[Stored records]
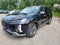 2025 Hyundai Palisade SEL Premium 8P
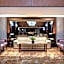 Algiers Marriott Hotel Bab Ezzouar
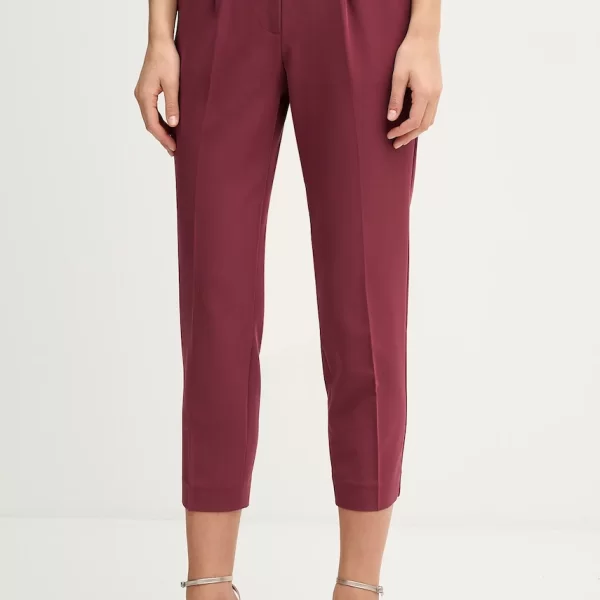 Παντελόνι Sisley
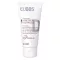 Eubos Diabetische Haut Pflege Handcreme (50 ml)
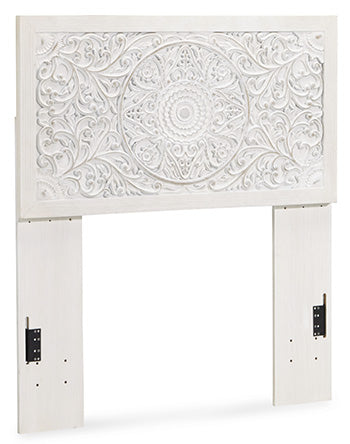 B181B1_B181-53-OTHERIMG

Activity: Please transcribe every record above exactly as written, leaving out the pictures.

Final answer:
 2025 Hyundai Palisade SEL Premium 8P
 Algiers Marriott Hotel Bab Ezzouar
 Παντελόνι Sisley
 Eubos Diabetische Haut Pflege Handcreme (50 ml)
 B181B1_B181-53-OTHERIMG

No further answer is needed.